_Exercise prompt_
Restate, word for word and with no pictures, the stretch of lines in the data below that begins at the line with "full bathroom featuring" and ends at the line with "notebook with goals", inclusive.

--- Data extracts Enclosed Below ---

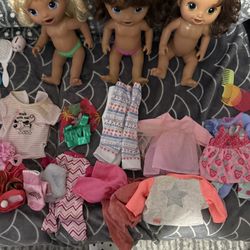 Baby Alive Dolls And Clothing And Combs And Shoes And Other Items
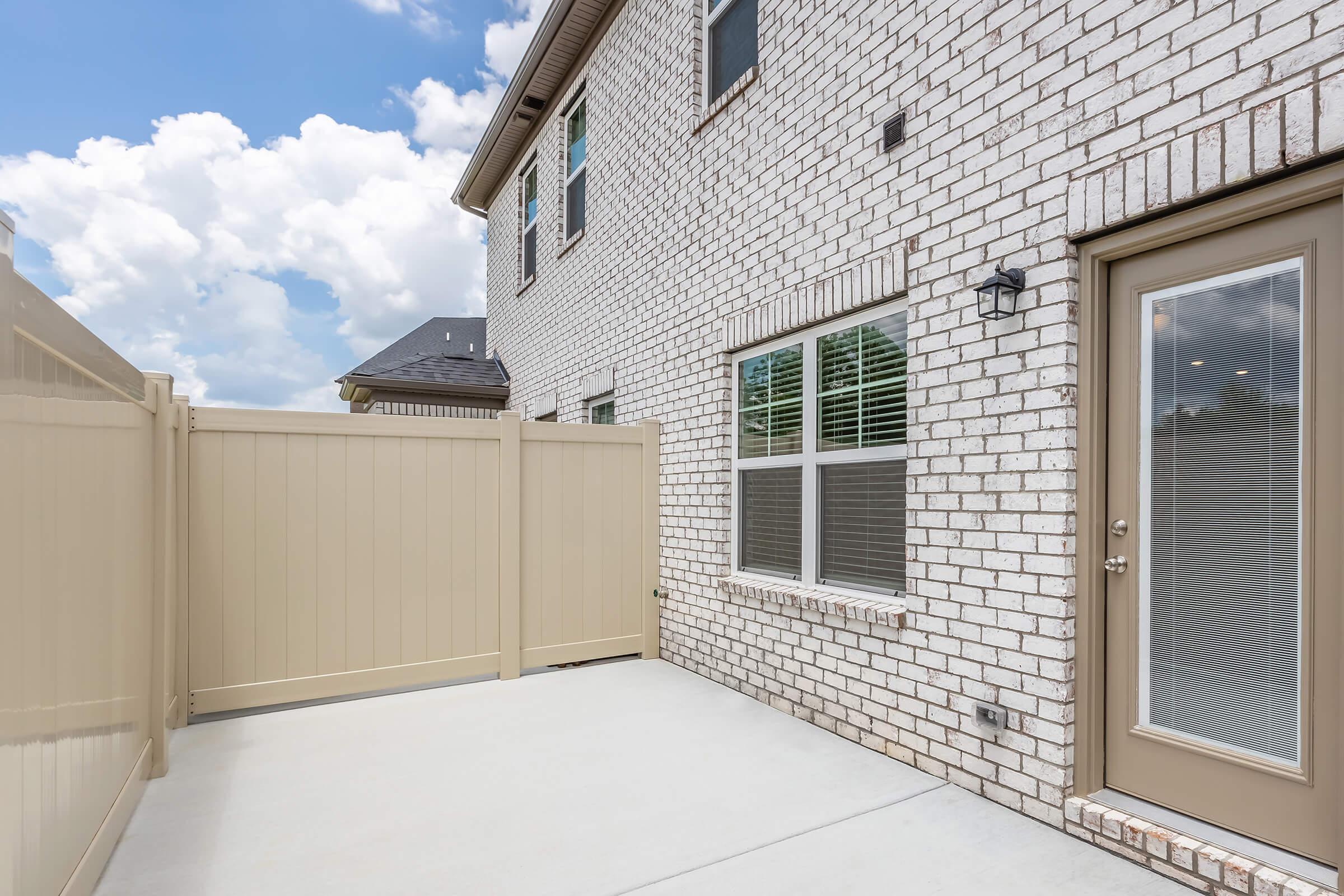 A modern exterior view of a house featuring a white brick wall, a beige privacy fence, and a concrete patio area. The house has large windows and a door leading to the outside. The sky is bright with scattered clouds, enhancing the overall inviting atmosphere of the outdoor space.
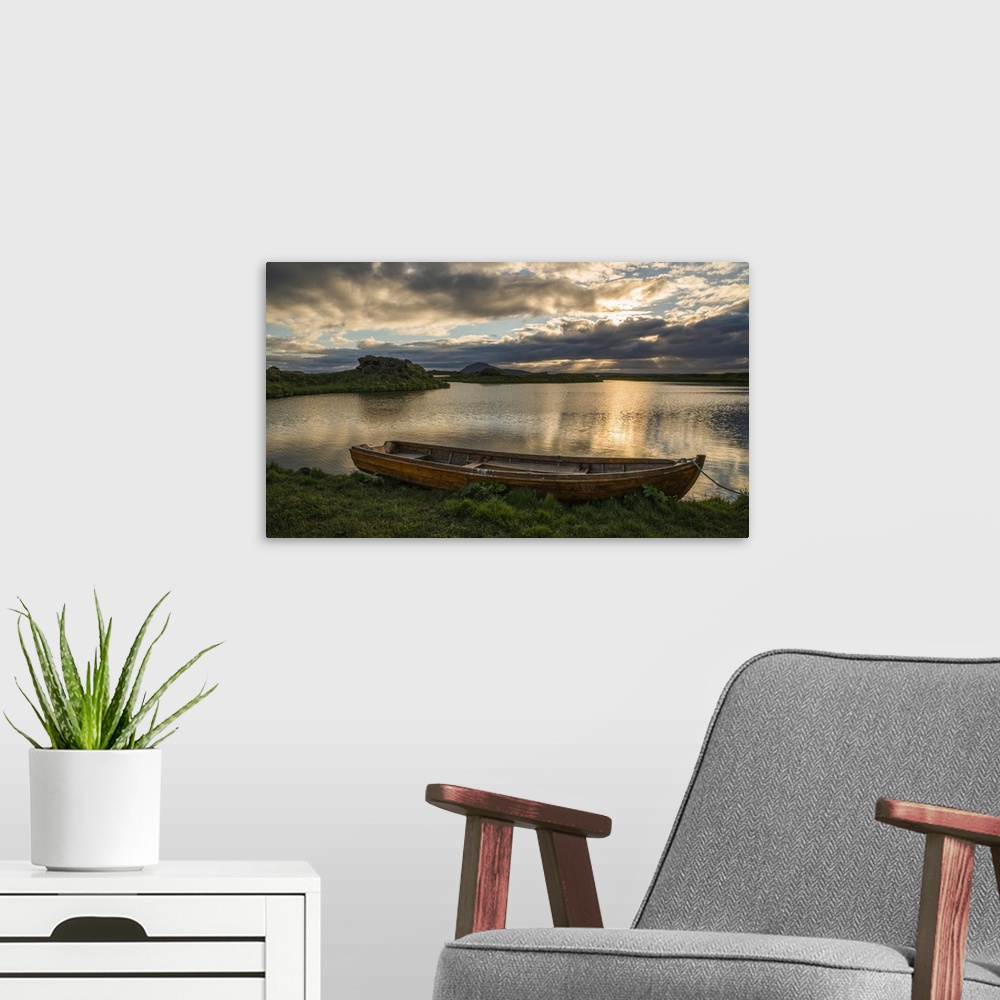 A modern room featuring A boat lies in a placid Lake Myvatn, North Iceland at sunset, Iceland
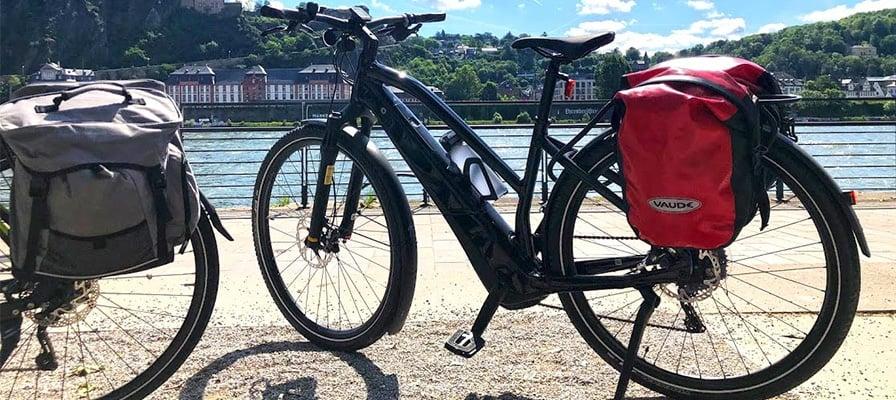 Specialized Vado 5.0 E-Bike mit Gepäcktaschen vor Flusslandschaft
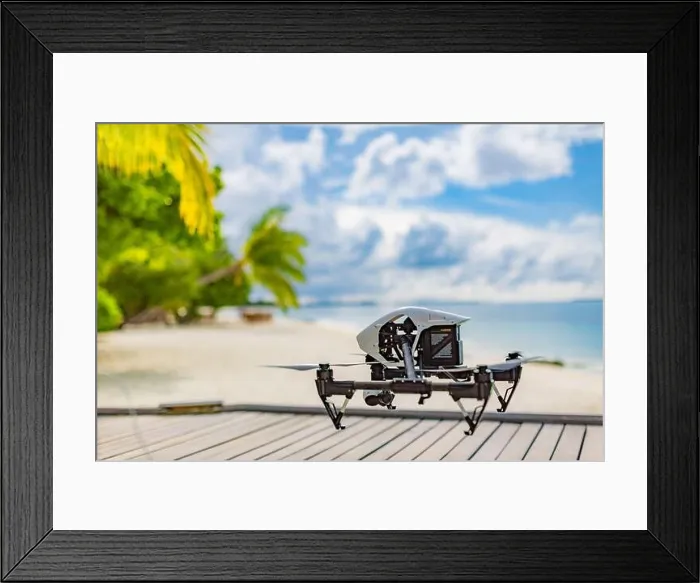 Framed Print : Drone flying over sea coast and palm trees. Tropical footage or photo creating. UAV professional drone in exotic island view Framed Print : Drone flying over sea coast and palm trees. Tropical footage or photo creating. UAV professional drone in exotic island view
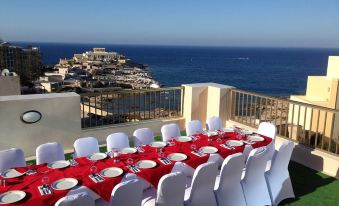 a long dining table set up for a party , with a view of the ocean in the background at Alexandra Hotel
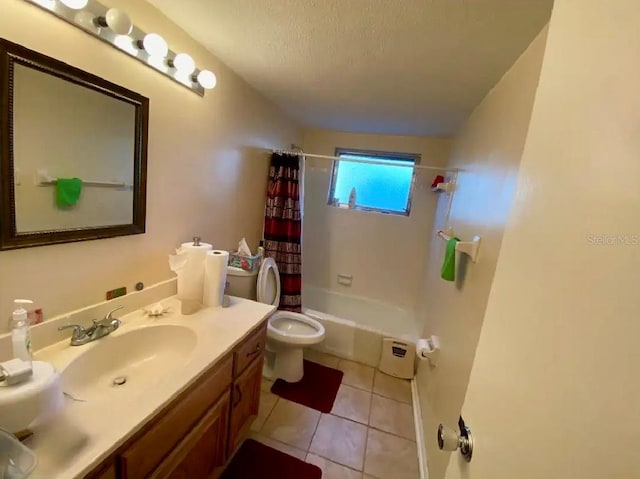 full bathroom featuring toilet, a textured ceiling, shower / bath combo with shower curtain, tile patterned floors, and vanity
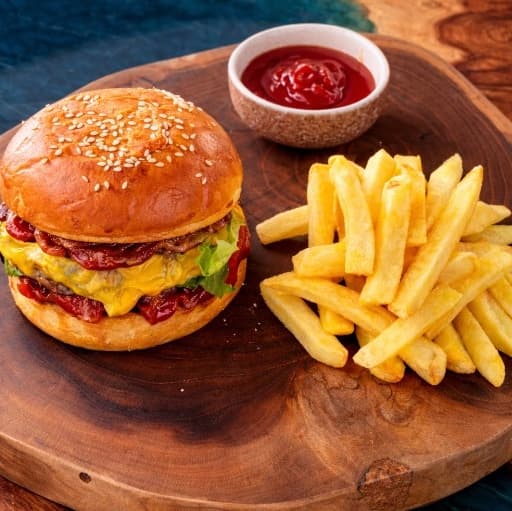 Marble Beef Burger — A juicy Black Angus beef burger with melted cheddar, BBQ sauce, pickles, and fresh romano salad on a
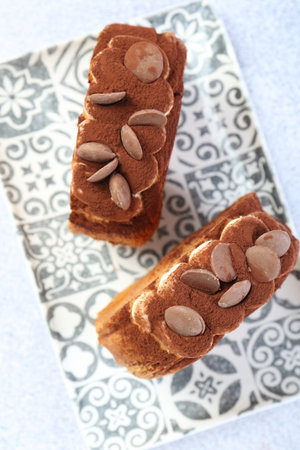 Supreme croissants with chocolate chips and cream on gray table, top view. Tasty puff pastry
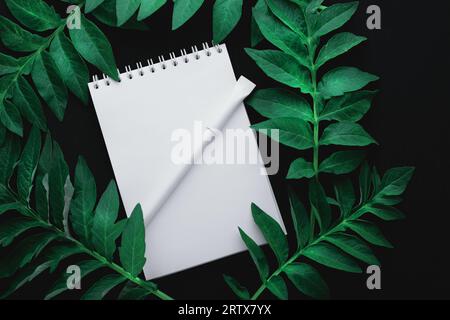 notebook with goals on black table, flat lay style Stock Photo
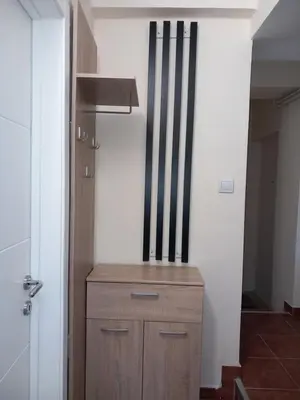a small wooden cabinet in a room with a wall at Libero78 in Vračar (historical)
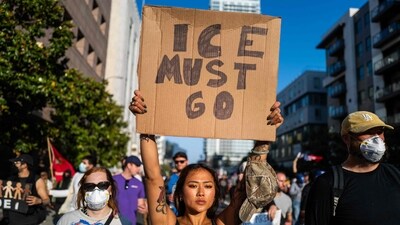 Protesters move through downtown in Los Angeles during continuing protests following raids by Immigration and Customs Enforcement (ICE) that began last Friday. (AFP) Protesters move through downtown in Los Angeles during continuing protests following raids by Immigration and Customs Enforcement (ICE) that began last Friday. (AFP)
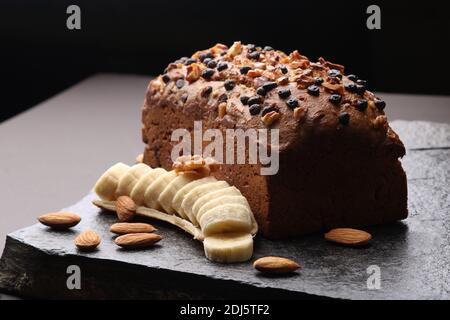 Pane di banana su fondo di pietra scura. Con mandorle e noce Foto Stock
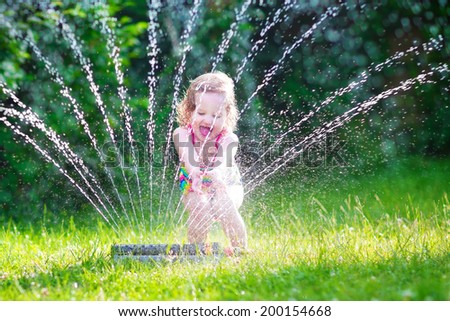 Funny laughing little girl in a colorful swimming suit running though garden sprinkler playing with water splashes having fun in the backyard on a sunny hot summer vacation day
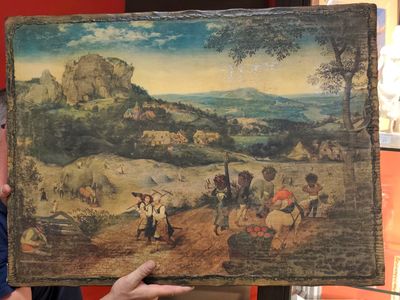 un homme qui tient un tableau devant lui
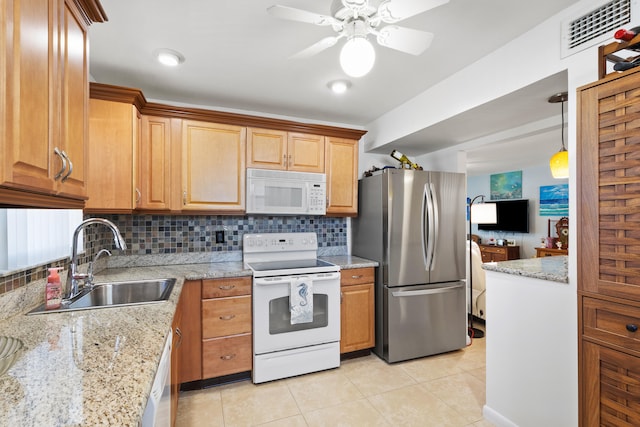 7 Colonial Club Dr Unit 300, Boynton Beach, FL 33435 - kitchen featuring white appliances, a sink, light tile patterned floors, tasteful backsplash, and ceiling fan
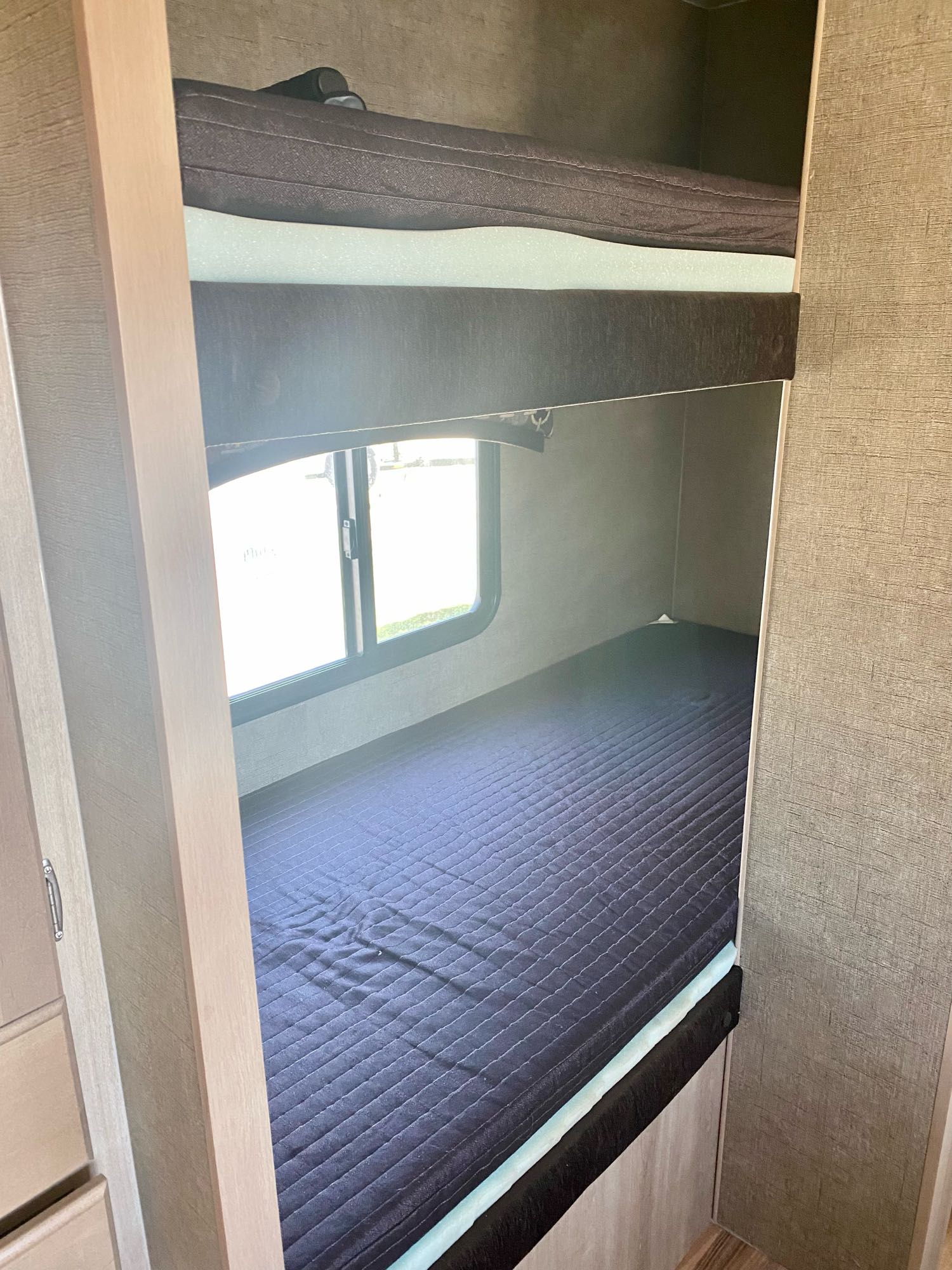 An RV rental's sleeping area with two neatly made bunk beds, dark mattresses, and a window.. Pacific Coachworks Other 2016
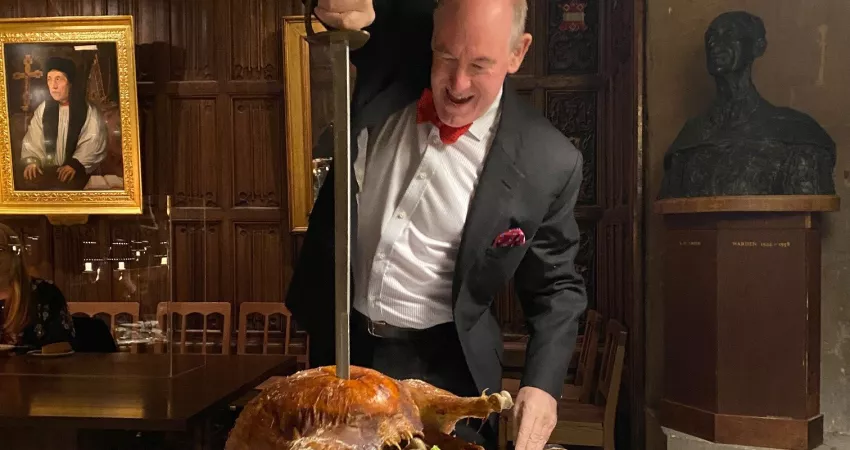 Warden carving turkey with a sword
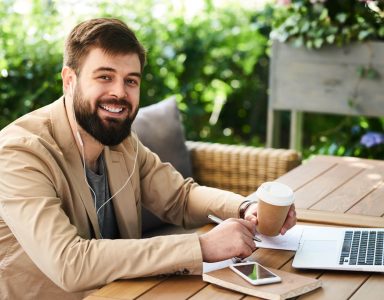 smiling-modern-businessman-working-in-cafe-2023-11-27-05-05-03-utc-Custom-2.jpg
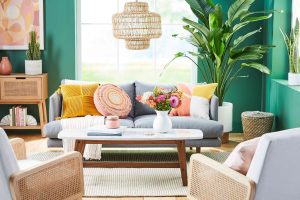 Living room with two chairs, a table, and a vase of flowers in front of a window. Spring best seasonal home decor trends focus on nature and pastels.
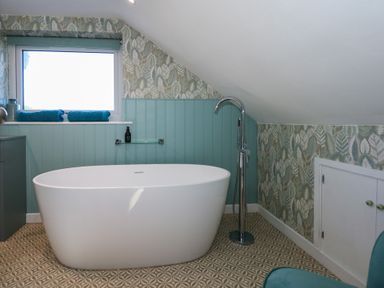 A bathroom with a freestanding bathtub under a window and patterned floor at Swn Y Wylan Red Wharf Bay near Benllech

--- End of Enclosed Data extracts ---

_Task solution_
 full bathroom featuring toilet, a textured ceiling, shower / bath combo with shower curtain, tile patterned floors, and vanity
 Marble Beef Burger — A juicy Black Angus beef burger with melted cheddar, BBQ sauce, pickles, and fresh romano salad on a
 Supreme croissants with chocolate chips and cream on gray table, top view. Tasty puff pastry
 notebook with goals on black table, flat lay style Stock Photo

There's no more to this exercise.